The same can’t be said about this year’s show. It’s just not really on anybody’s radar. ”A guide to the 2021 Oscars, which are still happening,” Vox titled an article about the show. “Hollywood has limped into 2021,” the first sentence reads. Even a week ago, the New York Times wrote a story about Hollywood being worried about the viewing turnout. I didn’t even realize that it was happening until two days ago. Even the social media reception was a snooze: When posting an update on the Preen Instagram account, I noticed that the hashtag for this year’s ceremony was at the bottom.
Bright Wall/Dark Room, my personal favorite press about cinema, posted this tweet earlier about the Oscars that sums it all up pretty well.
The Oscars not mattering has never felt more true as it does this year. It’s hard to muster up the energy to care about an awards show that has already felt inconsequential for years—and one that has tried each year to make up for that by ramping up its pageantry—during a time when nothing is going right. (The same can be said about the Grammys, btw.)
It’s a stark contrast from last year, which felt like the most important Oscars in decades when Bong Joon Ho’s “Parasite” had a clean sweep. While this year too had its own fair share of historic wins, the celebration is unfortunately marred by the total indifference that the show garnered.
That’s not to say that the winners didn’t deserve their awards. I’m very happy about Daniel Kaluuya (“Judas and the Black Messiah”) and Youn Yuh‑jung’s (“Minari”) best supporting actor and actress wins. Yuh-jung is a Korean legend, and Kaluuya has but certified himself as a star (“Skins” hive rise). The “Nomadland” wins! Chloé Zhao won best director, making her both the second woman to win the category and the first Asian American to win. (She’s the second Asian person in general, after Bong Joon Ho’s historic win last year.)
But there were also so many bewildering choices. Instead of the Grammys and other recent award shows, which were mostly done through Zoom, the Oscars decided to do more of a regular broadcast, with the nominees physically present. “It was a noble effort,” writes Richard Lawson for Vanity Fair. “But the broadcast’s alienating effect [by presenting it in business as usual fashion] ran in bad parallel with the fact that this year’s crop of nominated movies were seen by a lot fewer people than in a typical year.”
Also? In a year where we had so many losses, the show’s “In Memoriam” was breathlessly quick, with so many names left out. It’s, dare I say, an unfathomably stupid and insensitive move. The Oscars’ “In Memoriams” have always been on the bad side, but you’d think they’d take better care and attention this year.

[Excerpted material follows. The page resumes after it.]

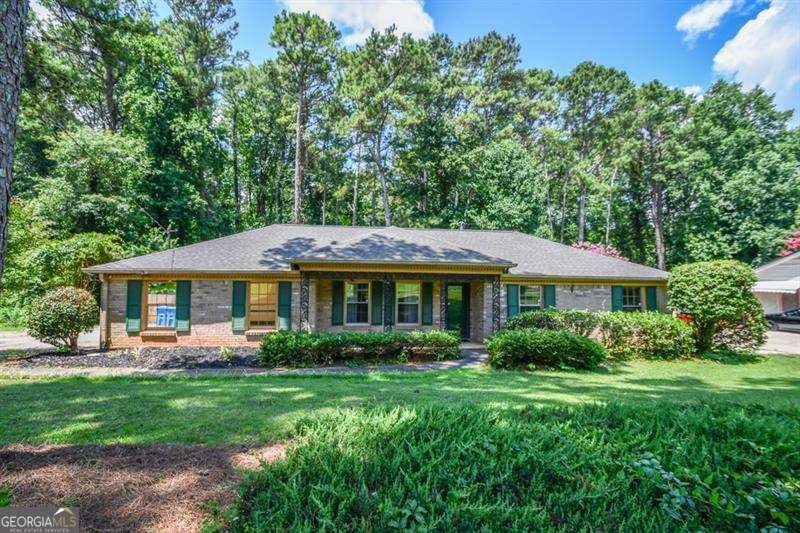 Photo of 1397 Ridgewood Drive SW, Lilburn, GA 30047 (MLS # 10803416)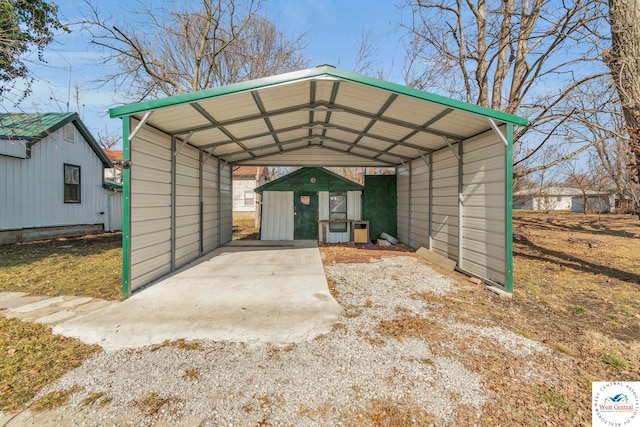 view of shed featuring driveway and a carport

But the most obvious questionable choice is the format change: Best picture, unlike other years, was not the last award to be presented. Instead, it was the best actor and actress awards. The producers were ostensibly banking on Chadwick Boseman getting a posthumous win for “Ma Rainey’s Black Bottom”—check all the betting polls and predictions, he was on everyone’s top radar, followed by Steven Yeun (“Minari”)—but the award instead went to Anthony Hopkins, who wasn’t even there.
The format change effectively both sidelined the “Nomadland” wins, robbing Chloé Zhao of the moment she deserved, and ruined what momentum the show was able to round up. Had Boseman won, the show could have ended with a great tribute to an accomplished and beloved actor that passed too soon, almost making up for the lackluster “In Memoriam.”
Instead, the Academy Awards 2021 ended with a whimper, which sounds about right.